É comum, entre eurodeputados de extrema-direita, numa altura em que o
debate sobre a imigração se torna cada vez mais tóxico, a afirmação de que está
aumentar a migração irregular para a União Europeia (UE). Por isso, há
discursos, manifestações e atos violentos contra imigrantes, eivados de
xenofobia e de racismo, até com o pretexto de que estão a descaraterizar os países
europeus, a eclipsar os valores ocidentais, nomeadamente a nossa matriz
judaico-cristã. Parecerá uma
preocupação perene, mas o debate sobre a imigração para a UE aqueceu, nos
últimos meses.
O
primeiro-ministro da Hungria, a 8 de outubro, em Estrasburgo, no discurso ao Parlamento
Europeu (PE), em que apresentou as prioridades da presidência rotativa húngara do
Conselho Europeu, incluiu a defesa de controlos fronteiriços mais rigorosos e
políticas de migração mais duras em toda a UE, bem como a criação de centros de
registo fora da UE, para o tratamento dos pedidos de asilo, e apelou à
realização regular de uma “cimeira de Schengen”, para discutir o controlo das
fronteiras. E reiterou o pedido do seu país para se excluir da política de
migração da UE, uma abordagem que o governo holandês está agora a considerar.
“A ideia de
uma política comum de migração é aceitável, mas, por favor, deixem que os
países que não conseguem seguir a corrente principal tenham uma opção de
exclusão. Caso contrário, estaremos a destruir a União Europeia”, afirmou Victor
Orbán.
É de recordar que o chefe do governo
húngaro ameaçou enviar refugiados para Bruxelas, em resposta à multa de
200 milhões de euros, imposta pelo Tribunal de Justiça Europeu (TJE), por
violar, persistentemente, as regras de asilo do bloco e mais um milhão de euros
por dia, até que alinhe as suas políticas com a legislação da UE.
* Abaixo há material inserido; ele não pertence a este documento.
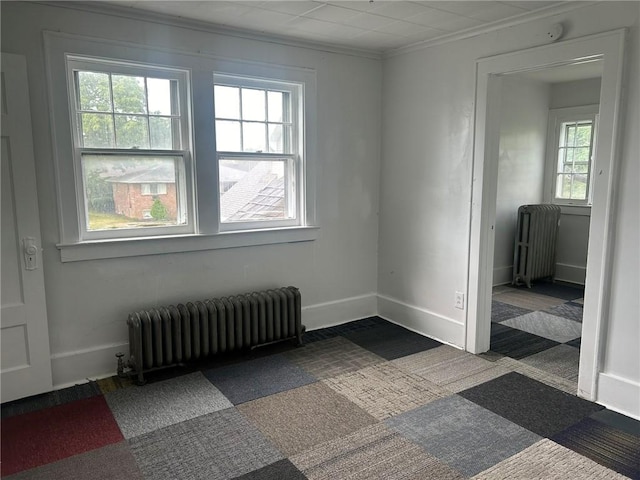 carpeted empty room with plenty of natural light, ornamental molding, and radiator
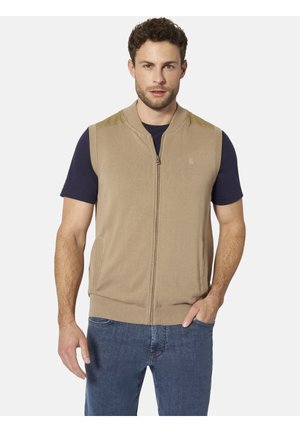 Mann trägt beige ärmellose Weste mit Reißverschluss über marineblauem Kurzarmhemd und blauen Jeans, steht mit einer Hand in der Tasche vor weißem Hintergrund.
“Respeitaremos as leis e os regulamentos europeus. Mas, se alguém a quem foi
concedido asilo na Hungria quiser ir para Bruxelas, teremos todo o gosto em
ajudá-lo”, atirou.
No entanto,
a eurodeputada holandesa Tineke Strik, relatora do PE para a Hungria, acusou
Orbán de minar o sistema comum de asilo da UE. Em entrevista à Euronews, afirmou que o
primeiro-ministro húngaro “usa a retórica para reforçar a sua posição e [para]
chantagear a UE, [a fim de] obter mais fundos; não está a cumprir as obrigações
de asilo e os requerentes de asilo estão a ser empurrados para trás nas
fronteiras da Hungria”.
Já a 6 de setembro, Vitor Orbán, no
Fórum de Cernobbio, no Norte de Itália, em que pediu novas leis para conter o fluxo migratório,
clamava que a migração vai desintegrar a UE. “Se olharmos para trás, desde 2014
até agora, este período é um período de processo de desintegração da União
Europeia”, vincou.
O líder
nacionalista, criticado, há muito, que pelas posições contra os
imigrantes, referiu-se a eles como
“veneno” e como “não necessários”, enquanto discutia as suas três
prioridades, durante os seis meses da presidência húngara da UE:
competitividade, guerra na Europa e migração. Disse que a migração – como o
género, o emprego e a segurança – é “questão existencial” que a UE enfrenta. E,
refletindo sobre a abordagem da Hungria à migração ilegal e comparando-a com a
generosa política de asilo da Alemanha, assegurou: “Nunca os deixaremos entrar.”
Depois de ter
discursado no Fórum, reforçou estas declarações na rede social X: “Deixem a Hungria e outros países
optarem por não participar na política comum de migração”, publicou.
Entretanto, o secretário de Estado Bence Rétvári, em conferência de imprensa, em Budapeste, fez
eco destes comentários, afirmando que o governo anti-imigração está empenhado
em pôr em prática um plano para oferecer aos requerentes de asilo viagens
gratuitas, só de ida, para Bruxelas.
Considerando que a UE quer forçar
a Hungria a permitir que “imigrantes ilegais” atravessem as suas fronteiras, disse que o
país ofereceria
a esses imigrantes, voluntária e gratuitamente, viagens só de ida para Bruxelas.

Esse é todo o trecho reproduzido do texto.